(GIVEN ENTRIES)
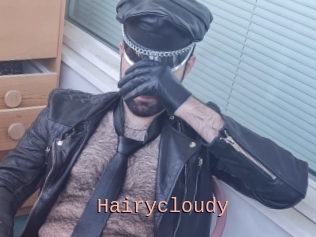 Hairycloudy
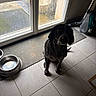 animal, companion, dark, dog, dog_bowl, door, flooring, glass_door, home, household, indoor, mat, pet, quiet, shadow, stillness, tile_floor, vacuum_cleaner, waiting, window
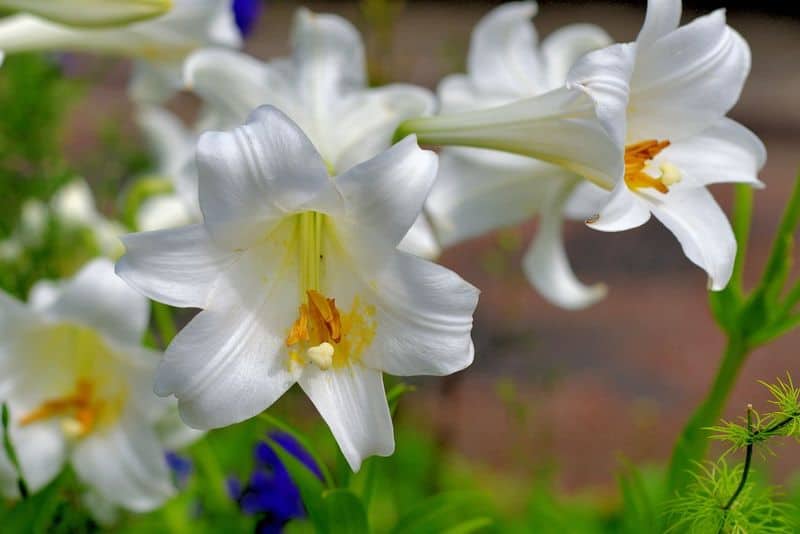 Longiflorum Lily
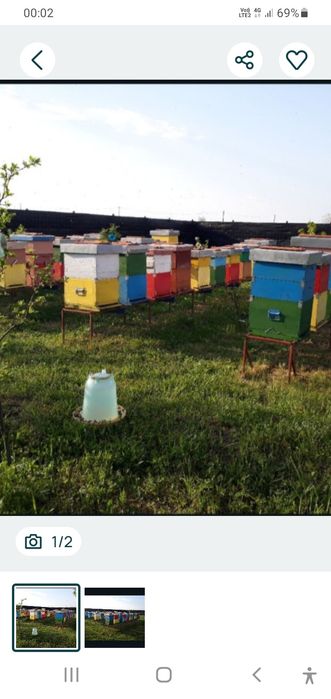 Vînd familii albine, cu ladă sau făra.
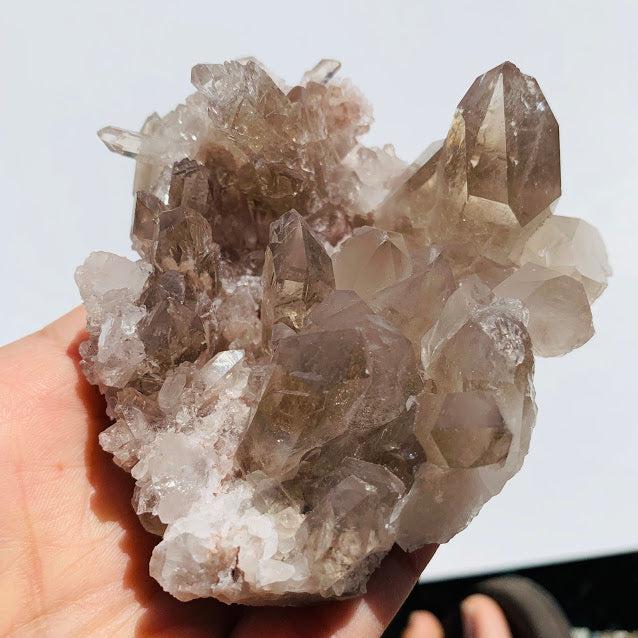 Incredible Rutilated Smoky Quartz Large Druzy Cluster From Brazil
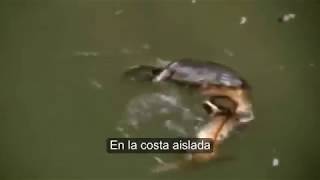 Mr. Bungle - Platypus (Subtitulos en Español)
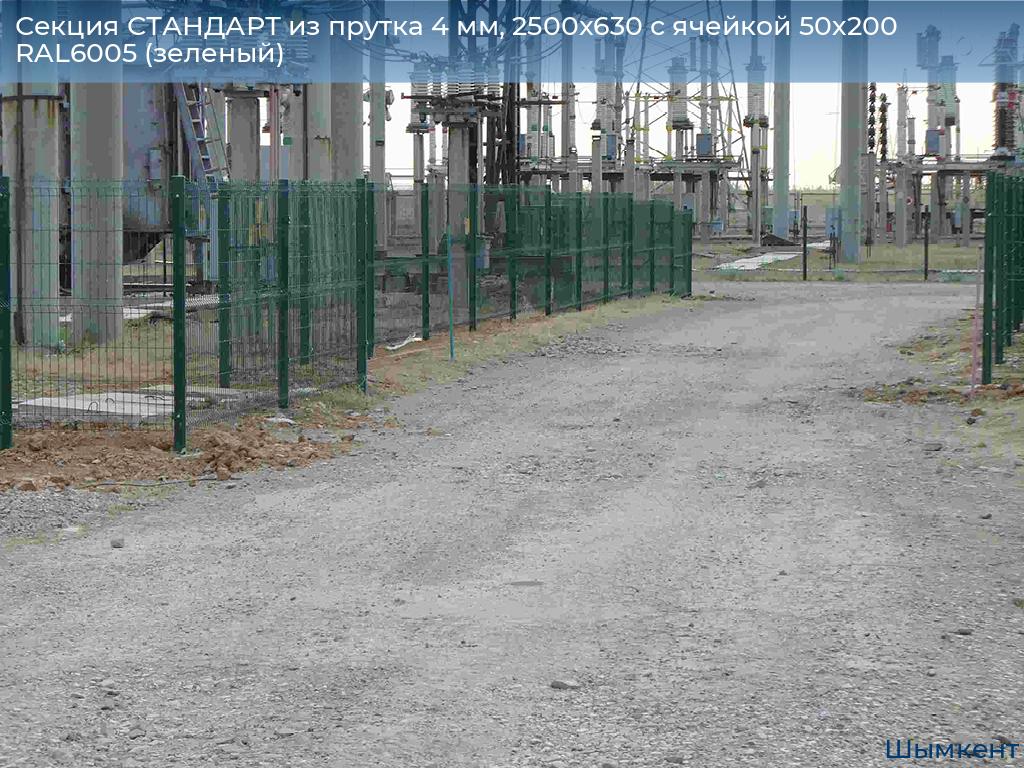 Секция СТАНДАРТ из прутка 4 мм, 2500x630 с ячейкой 50х200 RAL6005 (зеленый), chimkent.doorhan.ru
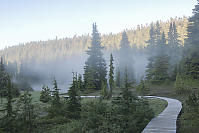 Lake Fog As Sun Rises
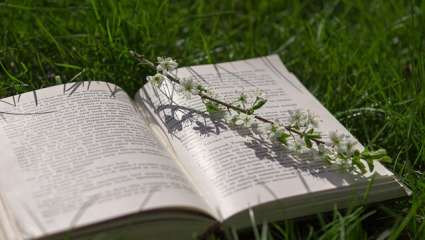 Livres : Jardins d’hiver, La fleurette et le camionneur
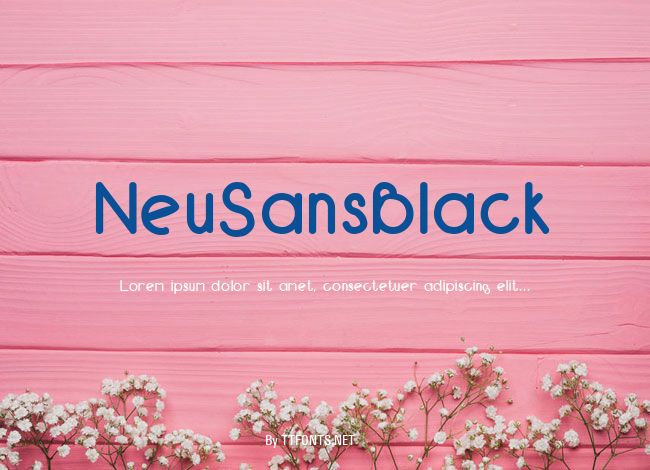 NeuSansBlack example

(PROBLEM DETAILS) Could the listing above be printed again in full, with every picture omitted?

(ANSWER SECTION)
 Hairycloudy
 animal, companion, dark, dog, dog_bowl, door, flooring, glass_door, home, household, indoor, mat, pet, quiet, shadow, stillness, tile_floor, vacuum_cleaner, waiting, window
 Longiflorum Lily
 Vînd familii albine, cu ladă sau făra.
 Incredible Rutilated Smoky Quartz Large Druzy Cluster From Brazil
 Mr. Bungle - Platypus (Subtitulos en Español)
 Секция СТАНДАРТ из прутка 4 мм, 2500x630 с ячейкой 50х200 RAL6005 (зеленый), chimkent.doorhan.ru
 Lake Fog As Sun Rises
 Livres : Jardins d’hiver, La fleurette et le camionneur
 NeuSansBlack example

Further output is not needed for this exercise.